DATA EXTRACT:
== Segment start ==

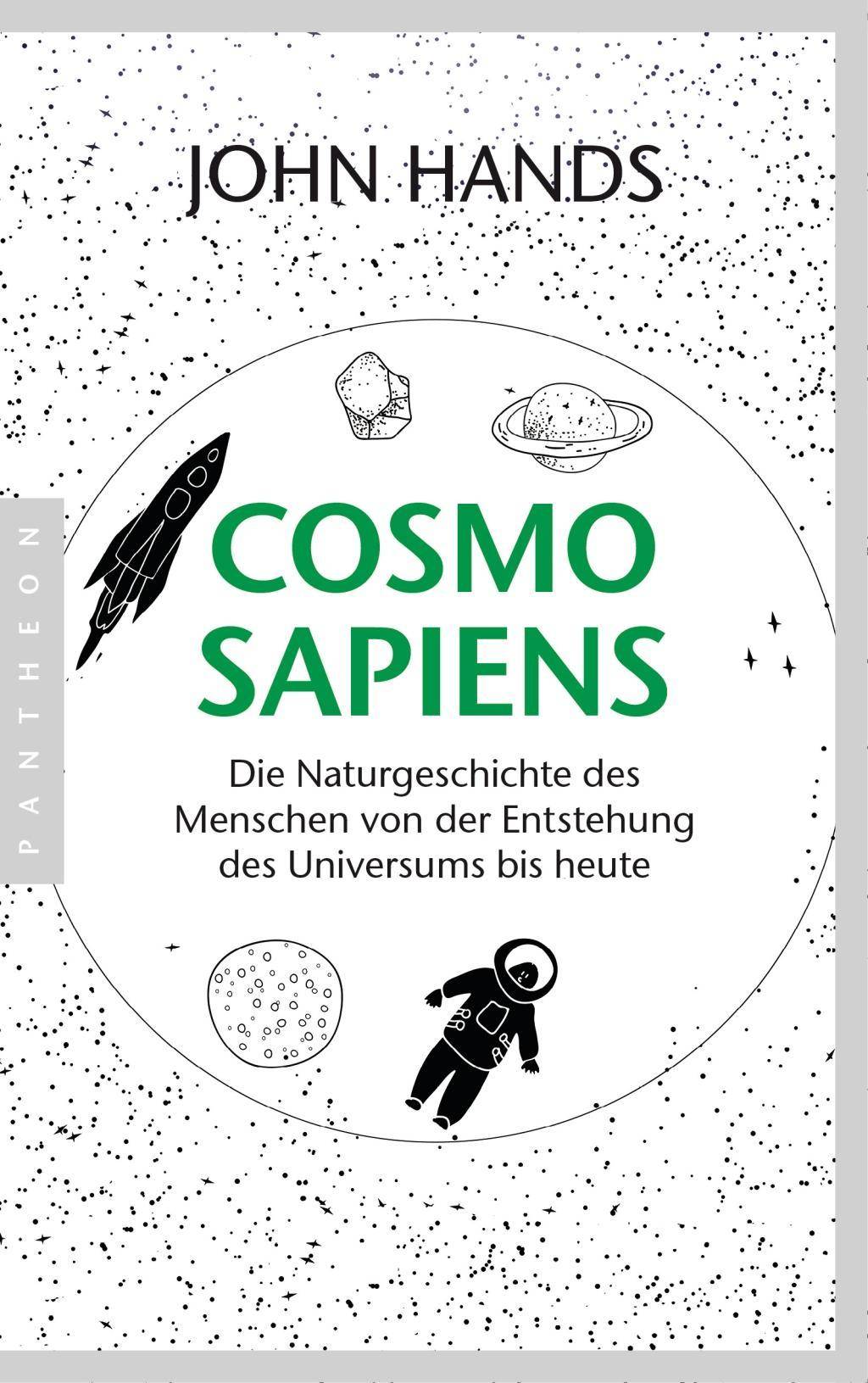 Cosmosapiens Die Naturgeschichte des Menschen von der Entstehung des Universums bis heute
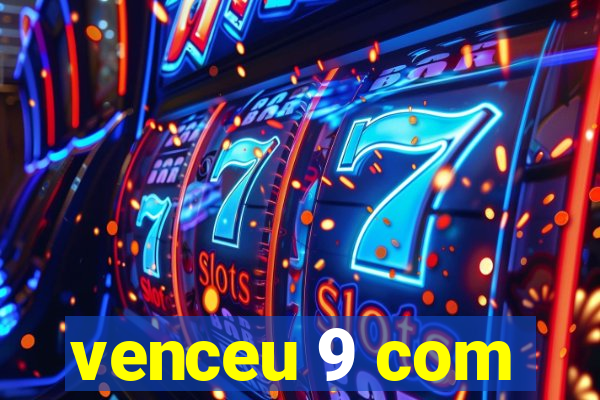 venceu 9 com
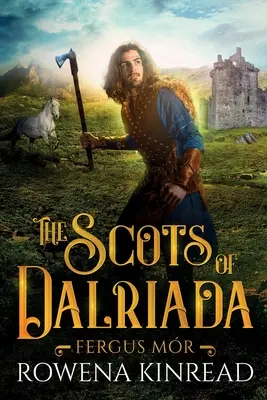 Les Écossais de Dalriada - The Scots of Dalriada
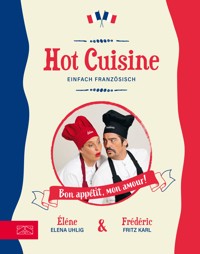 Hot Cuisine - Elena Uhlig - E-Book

== Segment end ==

PROBLEM TO WORK ON: Restate word for word, and only, the lines from the line that contains "venceu 9 com" through the end of the data, both included; pictures are not part of the copy.

SOLVED EXERCISE:
 venceu 9 com
 Les Écossais de Dalriada - The Scots of Dalriada
 Hot Cuisine - Elena Uhlig - E-Book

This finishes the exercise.